Bild folgtKI-generierte IllustrationCalochortus apiculatus
Auch bekannt als: Calochortus apiculatus
Wer Calochortus apiculatus einmal gesehen hat, vergisst sie nicht: Die aufrechten, cremeweißen bis zartgelben Glockenblüten fallen durch ihre feine Behaarung auf der Innenseite und die namensgebenden spitzen Blütenblattenden sofort auf. Als seltener Gast in unseren Gärten bereichert diese Pflanze aus der Familie der Liliengewächse (Liliaceae) vor allem naturnahe Pflanzungen in Gebirgslagen. Auch wenn konkrete Bestäubungsdaten für diese Art rar sind, dienen solche Zwiebelpflanzen oft als wichtige Nektarquelle für spezialisierte Wildbienen und Käfer. Wenn du einen sonnigen, gut durchlässigen Platz im Garten hast, kannst du mit dieser Art einen echten botanischen Schatz erhalten.
Alpine Seltenheit: Die behaarte Mormonentulpe bringt Exotik und Artenschutz zusammen.
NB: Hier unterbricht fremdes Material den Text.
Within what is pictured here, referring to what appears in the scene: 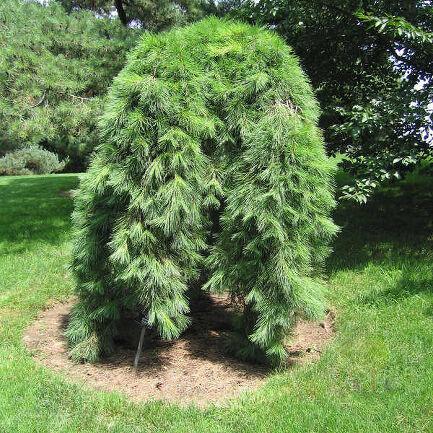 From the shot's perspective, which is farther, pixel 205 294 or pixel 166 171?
pixel 205 294

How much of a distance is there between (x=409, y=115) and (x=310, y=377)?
3.12 m

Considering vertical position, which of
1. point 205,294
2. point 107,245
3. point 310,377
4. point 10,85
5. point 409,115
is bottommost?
point 205,294

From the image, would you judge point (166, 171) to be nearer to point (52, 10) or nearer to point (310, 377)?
point (310, 377)

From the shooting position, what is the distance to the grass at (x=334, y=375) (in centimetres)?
322

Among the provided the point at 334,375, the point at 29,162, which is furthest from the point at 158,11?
the point at 29,162

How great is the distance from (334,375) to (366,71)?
16.4ft

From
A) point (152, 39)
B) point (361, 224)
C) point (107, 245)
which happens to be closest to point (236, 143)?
point (152, 39)

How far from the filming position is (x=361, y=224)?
7.14 meters

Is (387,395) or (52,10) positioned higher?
(52,10)

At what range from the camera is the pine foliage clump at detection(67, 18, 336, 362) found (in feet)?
12.2

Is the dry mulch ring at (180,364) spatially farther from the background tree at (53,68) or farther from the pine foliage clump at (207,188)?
the background tree at (53,68)

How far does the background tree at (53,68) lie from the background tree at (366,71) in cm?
227

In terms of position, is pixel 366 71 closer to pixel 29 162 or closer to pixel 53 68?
pixel 53 68

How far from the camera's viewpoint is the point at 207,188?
3.99 meters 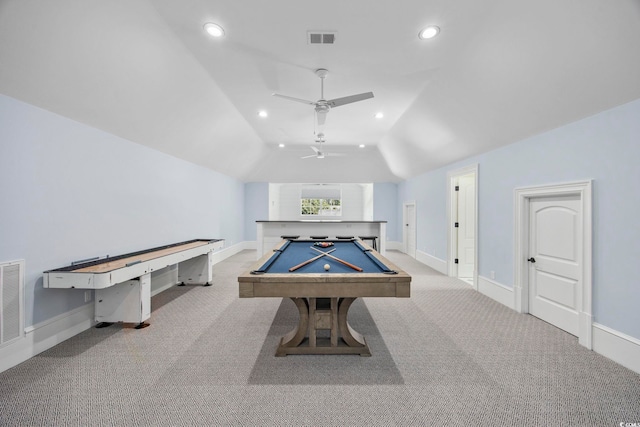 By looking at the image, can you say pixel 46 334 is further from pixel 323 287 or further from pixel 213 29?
pixel 213 29

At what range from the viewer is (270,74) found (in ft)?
10.8

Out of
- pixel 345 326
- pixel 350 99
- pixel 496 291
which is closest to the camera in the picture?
pixel 345 326

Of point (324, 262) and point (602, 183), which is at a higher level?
point (602, 183)

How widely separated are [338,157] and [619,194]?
619cm

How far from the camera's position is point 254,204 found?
29.4ft

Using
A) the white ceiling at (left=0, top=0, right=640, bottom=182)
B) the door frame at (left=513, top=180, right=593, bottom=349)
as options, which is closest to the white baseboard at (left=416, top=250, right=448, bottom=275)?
the door frame at (left=513, top=180, right=593, bottom=349)

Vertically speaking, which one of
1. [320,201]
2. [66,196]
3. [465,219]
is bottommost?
[465,219]

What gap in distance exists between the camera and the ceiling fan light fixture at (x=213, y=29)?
7.86 ft

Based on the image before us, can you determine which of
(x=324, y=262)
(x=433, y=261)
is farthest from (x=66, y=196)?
(x=433, y=261)

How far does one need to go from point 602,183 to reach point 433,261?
12.8 feet

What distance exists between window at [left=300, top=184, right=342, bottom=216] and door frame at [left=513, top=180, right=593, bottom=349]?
8.73 meters

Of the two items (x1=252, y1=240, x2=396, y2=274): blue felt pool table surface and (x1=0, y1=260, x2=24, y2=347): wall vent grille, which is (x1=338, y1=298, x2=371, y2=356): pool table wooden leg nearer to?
(x1=252, y1=240, x2=396, y2=274): blue felt pool table surface

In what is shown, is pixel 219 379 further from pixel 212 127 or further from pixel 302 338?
pixel 212 127

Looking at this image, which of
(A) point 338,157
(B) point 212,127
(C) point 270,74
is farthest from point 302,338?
(A) point 338,157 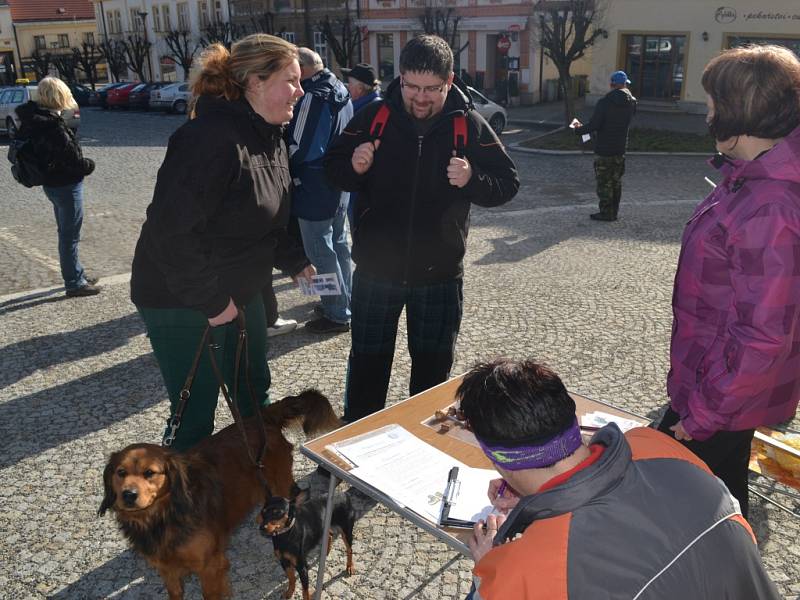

Als heimische Art in Österreich fügt sich diese Pflanze nahtlos in das regionale Ökosystem ein. Die auffälligen Blüten bieten Nektar und Pollen für verschiedene Fluginsekten, wobei besonders Schwebfliegen und solitäre Wildbienen von dem Angebot profitieren. Da die Pflanze in der Natur oft an Waldrändern vorkommt, dient sie als wichtiger Baustein für die Vernetzung von Lebensräumen. Die Samenstände können im Spätsommer von kleinen Samenfressern unter den Vögeln genutzt werden. Durch ihre Seltenheit in Gartenkultur leistest du mit der Ansiedlung einen Beitrag zur Erhaltung der botanischen Vielfalt abseits der üblichen Zierpflanzen.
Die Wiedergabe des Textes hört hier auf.